Records
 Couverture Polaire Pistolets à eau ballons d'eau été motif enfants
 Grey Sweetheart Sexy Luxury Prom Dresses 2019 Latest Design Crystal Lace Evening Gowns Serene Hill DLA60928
* * *
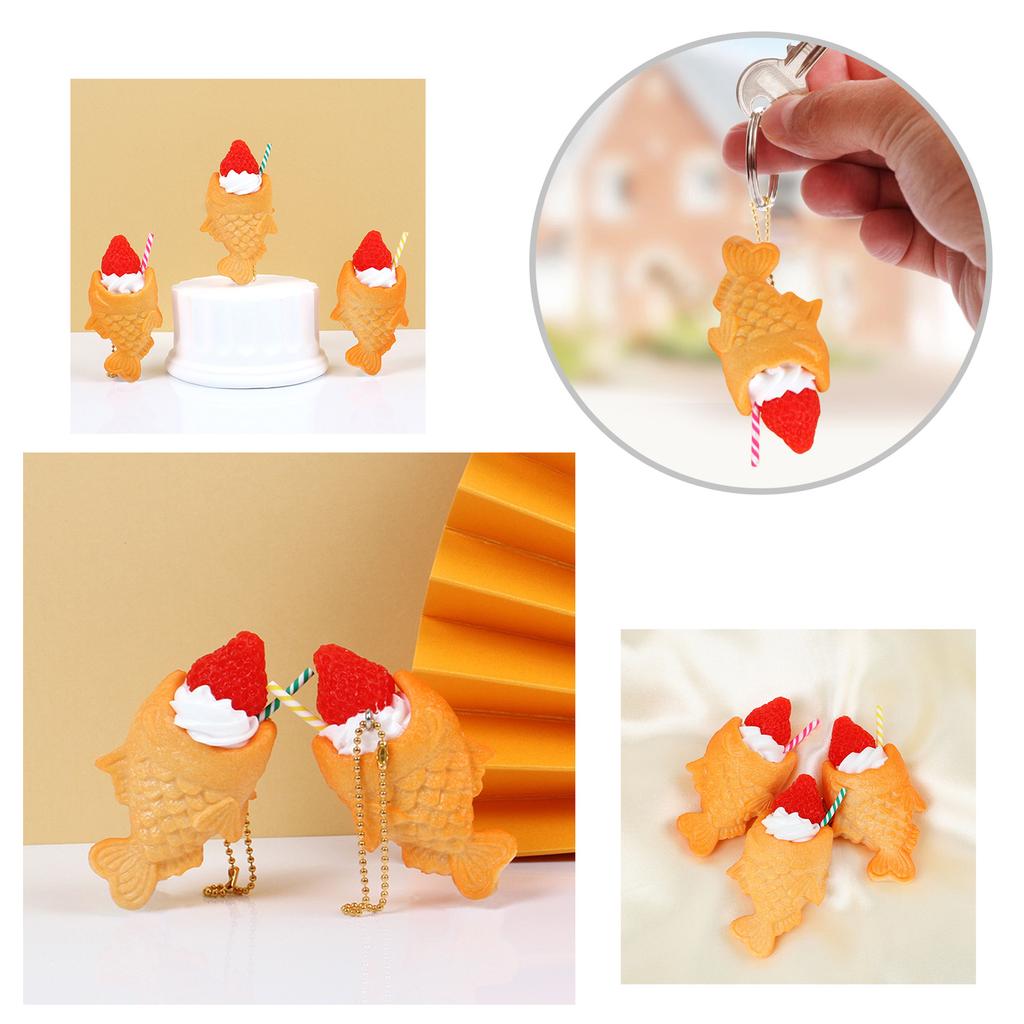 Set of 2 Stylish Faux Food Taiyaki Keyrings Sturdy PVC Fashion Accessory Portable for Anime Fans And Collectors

Task to carry out
Search the listing above for the lines with "Couverture Polaire Pistolets" and "Grey Sweetheart Sexy", then output those lines and all lines between them exactly.

Solution
 Couverture Polaire Pistolets à eau ballons d'eau été motif enfants
 Grey Sweetheart Sexy Luxury Prom Dresses 2019 Latest Design Crystal Lace Evening Gowns Serene Hill DLA60928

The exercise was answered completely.